Barriers to business: The obstacles holding back ethnic minority entrepreneurs
Watch the report by ITV Wales journalist, Annabel Smith
Accessing finance is something that can be difficult for everybody at the moment, but for some entrepreneurs, it can be a different kind of challenge.
Rifhat Qureshi started her clothing business, Modest Trends, three years ago in Cardiff. It is proving to be a success, despite the financial barriers she faced as a female Muslim entrepreneur.
"Interest is forbidden in Islam", Rifhat said. "It's not something that we should take on a loan basis or any other method really. But there was also that challenge that there was nowhere else and nothing else I could do."
She added: "Being a Muslim I think definitely had its barriers, in my own mind as well, I think there's a stereotype as to what Muslim women should do and can do."

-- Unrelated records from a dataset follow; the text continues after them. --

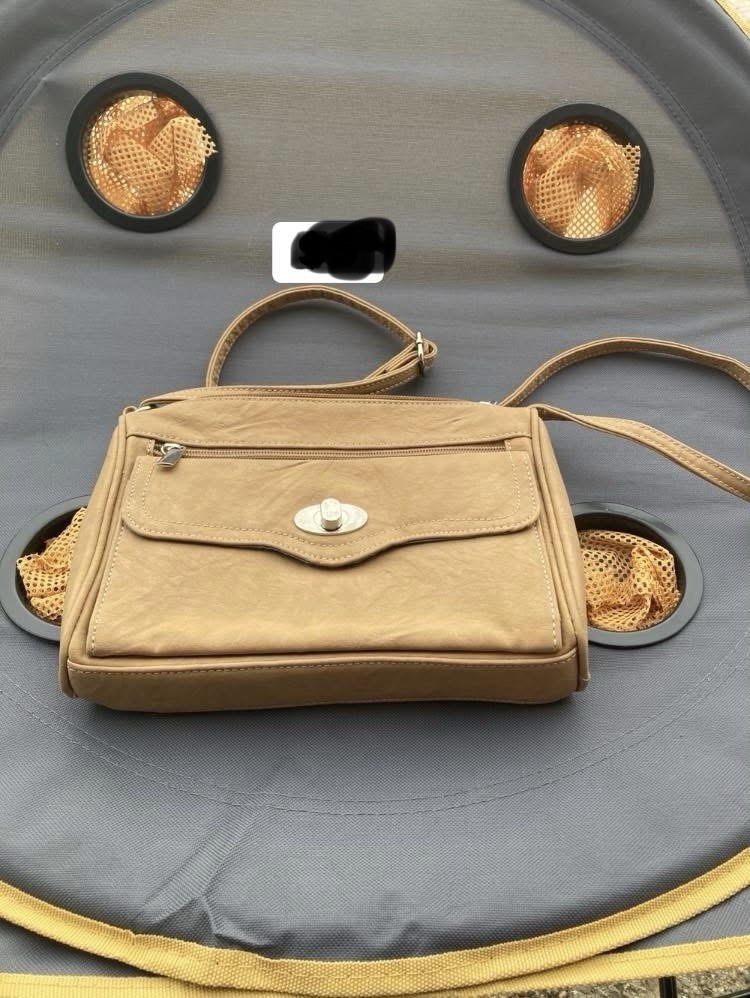 Women&rsquo;s Tan Solid Rectangle Crossbody Bag Zip Closure Shou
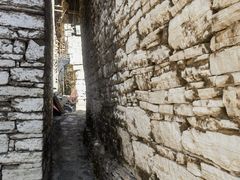 -高荡千年布依古寨旅游景区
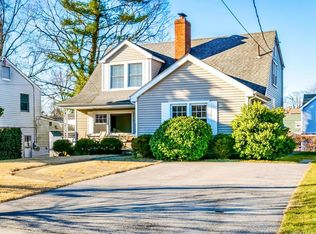 9 Douglas Pl, Eastchester, NY 10709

One organisation helping aspiring business owners access finance and support is Assadaqaat Community Finance (ACF), which provides 'interest-free' finance and professional support to budding entrepreneurs within the community.
Akmal Hanuk, founder and CEO of Assadaqaat Community Finance, said: "We are supporting people to start their own businesses and take them through that entrepreneurship journey."
He added: "In the current climate, I think it is very important that people have an alternate plan if they don't get in employment and the alternate includes entrepreneurship and self-employment as a viable option.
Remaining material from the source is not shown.